Accelerating the Vlasov code kobra with GPUs

• Promoter: Prof. Sven Van Loo
• Supervisor: Prof. Sven Van Loo
• Study programs: Master of Science in Engineering Physics, Master of Science in Physics and Astronomy, Master of Science in Teaching in Science and Technology (Physics and Astronomy), European Master of Science in Nuclear Fusion and Engineering Physics
• Location: Technicum, at home

In order to achieve enough energy output viable for commercial exploitation of fusion reactors, fusion plasmas need to be ridden from global instabilities in the magnetic structure of the plasma. To understand the dynamics and arising instabilities, theoretical modelling needs to be tightly integrated with the experiments.

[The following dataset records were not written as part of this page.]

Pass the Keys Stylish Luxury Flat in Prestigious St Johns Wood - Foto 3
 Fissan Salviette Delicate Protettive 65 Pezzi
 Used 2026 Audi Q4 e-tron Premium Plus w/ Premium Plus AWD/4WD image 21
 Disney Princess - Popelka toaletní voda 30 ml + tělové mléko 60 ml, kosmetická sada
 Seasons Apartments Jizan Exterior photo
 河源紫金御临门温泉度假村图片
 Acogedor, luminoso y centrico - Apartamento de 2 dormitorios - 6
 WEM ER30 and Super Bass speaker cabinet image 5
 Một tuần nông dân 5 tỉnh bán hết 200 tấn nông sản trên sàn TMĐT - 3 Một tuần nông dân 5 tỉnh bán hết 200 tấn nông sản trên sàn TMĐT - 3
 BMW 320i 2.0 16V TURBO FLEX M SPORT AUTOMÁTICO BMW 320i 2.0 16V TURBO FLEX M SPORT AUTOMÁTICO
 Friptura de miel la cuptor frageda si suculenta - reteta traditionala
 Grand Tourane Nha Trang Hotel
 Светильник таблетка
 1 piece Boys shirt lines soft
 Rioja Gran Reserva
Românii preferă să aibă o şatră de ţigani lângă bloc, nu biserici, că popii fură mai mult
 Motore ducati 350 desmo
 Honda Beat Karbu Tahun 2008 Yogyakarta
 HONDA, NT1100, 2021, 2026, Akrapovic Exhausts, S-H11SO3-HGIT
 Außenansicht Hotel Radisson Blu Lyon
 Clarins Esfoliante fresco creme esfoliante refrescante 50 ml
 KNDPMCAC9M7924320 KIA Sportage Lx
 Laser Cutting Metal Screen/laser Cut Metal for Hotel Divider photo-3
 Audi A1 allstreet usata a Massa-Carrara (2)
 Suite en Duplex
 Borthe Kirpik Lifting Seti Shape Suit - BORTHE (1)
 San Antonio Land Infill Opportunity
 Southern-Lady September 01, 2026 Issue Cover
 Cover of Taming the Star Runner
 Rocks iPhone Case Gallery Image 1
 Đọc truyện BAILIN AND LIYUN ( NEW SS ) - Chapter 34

While a fluid approach  has been successfully applied to many problems in fusion devices, it is restricted because it is based on the assumption that collisions between plasma particles cause the velocity distribution function to be Maxwellian. However, in tokamak plasmas, the electrons also often exhibit markedly non-Maxwellian distributions. Thus, in many cases the details of the kinetics cannot be neglected and the plasma needs to be described using the Vlasov equation. Therefore we have developed the Vlasov code (written in C) that can be run using multiple computation nodes or processors. This is necessary for large models to be executed in an acceptable amount of time. In the last few years  GPU accelerators have had a notable impact on high-performance computing across many disciplines. They provide high performance with low cost/power, and therefore have become a primary compute resource on many of the largest supercomputers.

In this project the aim is to port the Vlasov code kobra from CPUs to GPUs. First you will get familiar with the current code. Then you will make modifications in order for kobra to be run on a single GPU. You will run test models to identify the speed-up. As a single GPU's memory is limited, you will then attempt to get the code working on multiple GPUs. You will learn about kinetic plasma theory, numerical simulation techniques and CPU and GPU computing during this project.